So, you ask, how the hell do we solve this problem? How do we get the mainstream media off of our backs and out of our bedrooms?

Well, when Hunting Illustrated finally decides to publish “Not-So-Fresh Bait,” forget about how badly you want to read, rehash, resend, repost, and refute it, and ignore it. Ignore it completely and unconditionally. Ignore it like it’s Evelyn Lozada and your name is “Couth.” Ignore it how the planet Earth ignores The Game, how Rick Ross ignores ellipticals, how my bathroom mirror loves to ignore my “new” abs. Ignore it how whoever invited R. Kelly to Grand Marshall a back to school parade has obviously ignored any pretense they had about getting into Heaven.

I know this may seem excessive, but if we truly want these types of articles to stop, we need to start ignoring, omitting, overlooking, and neglecting them. If we don’t, well, the star-crossed plight of the black fisherwoman might be coming to your monitors very soon, and I don’t think I’m very excited to read about how her trout can’t keep her warm at night.

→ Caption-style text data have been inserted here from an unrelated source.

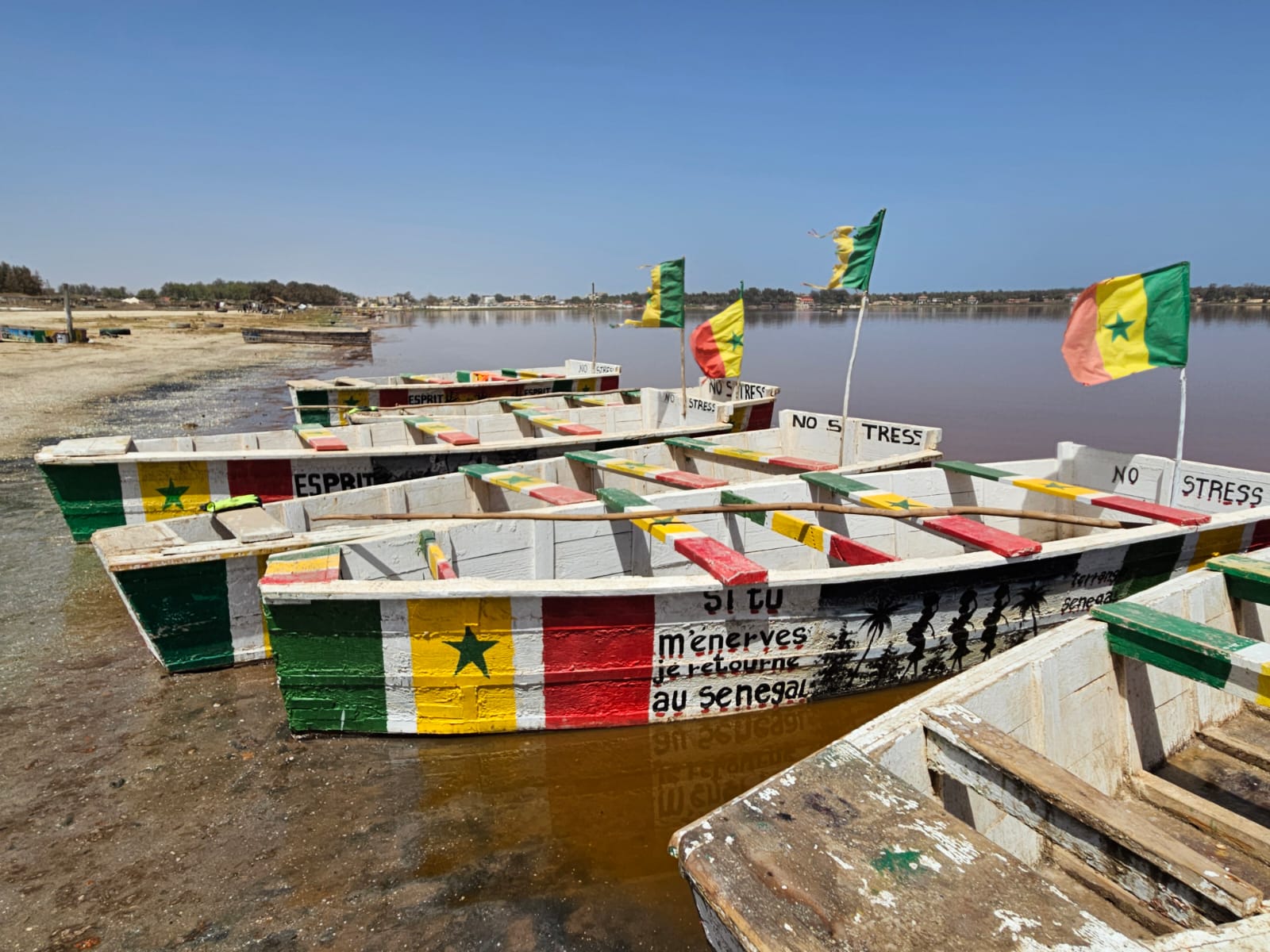 Colourful fishing boat on the coast in Senegal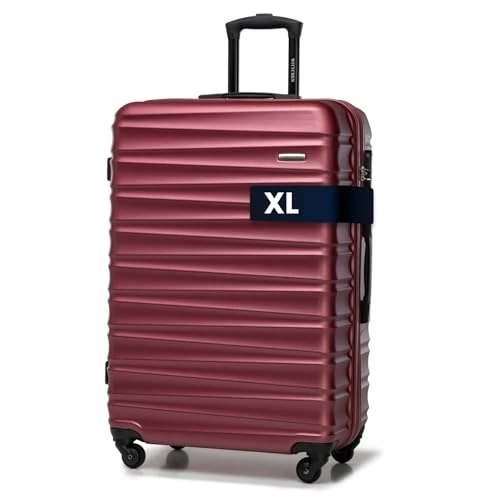 WITTCHEN Reisekoffer Groß Rollkoffer Trolley Großer Koffer Check-In Gepäck Hartschale aus ABS 4 Spinner-Rollen Zahlenschloss Groove Line Größe L kastanienbraun Lufthansa/Eurowings/Ryanair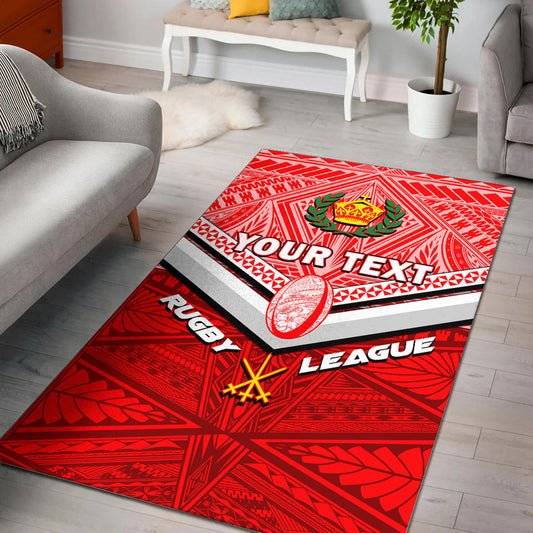 (Custom Personalised) Tonga Rugby Mate Ma'a Tonga Tapa Pattern Area Rug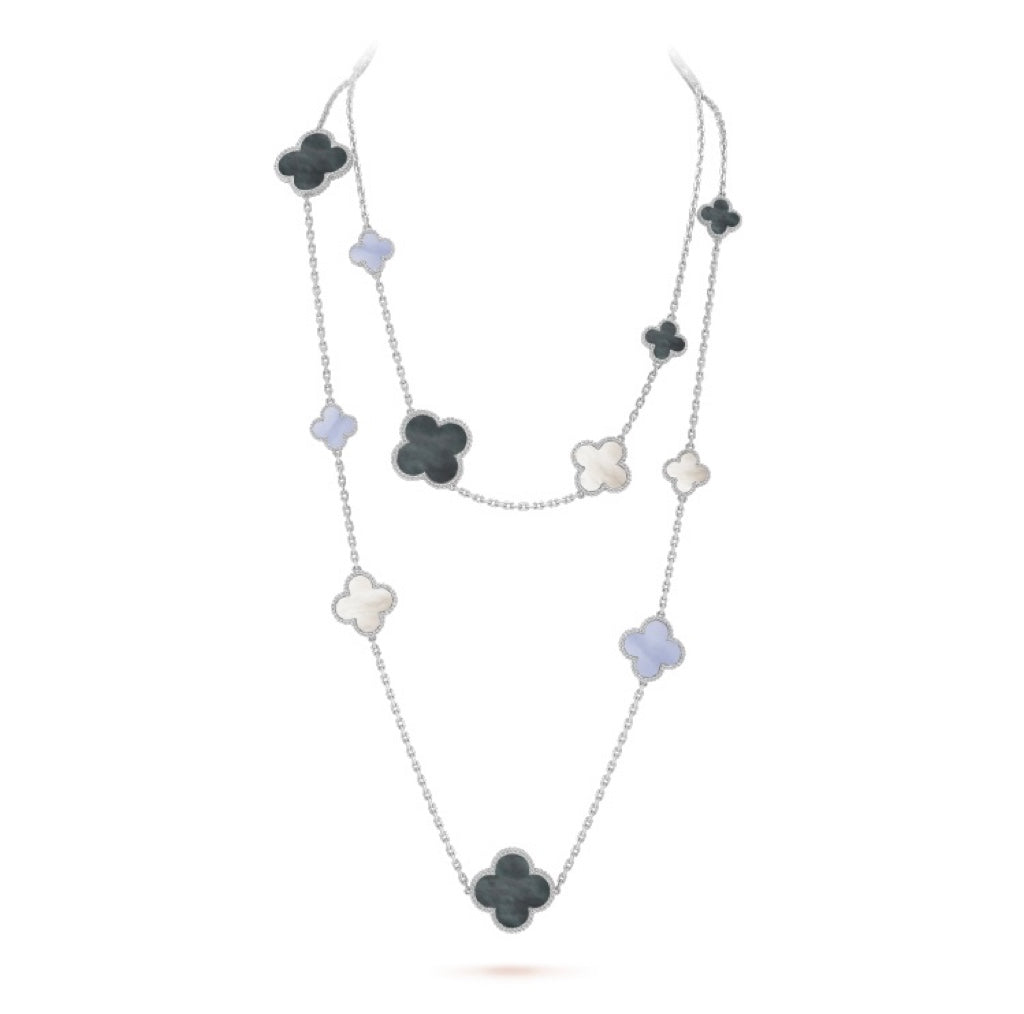 [Auream]CLOVER 16 MOTIF CHALCEDONY MOP SILVER NECKLACE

¹Ironically, a sizable percentage of the responses generated by these oversaturated topics comes in a “Who gives a damn?” format; a phenomenon where people somehow collectively forget that since they clicked on the article, registered for the site so they could leave comments, left a comment, left a captcha so that article would show up, and refreshed the page to confirm that their comment wasn’t moderated, they obviously give a damn too.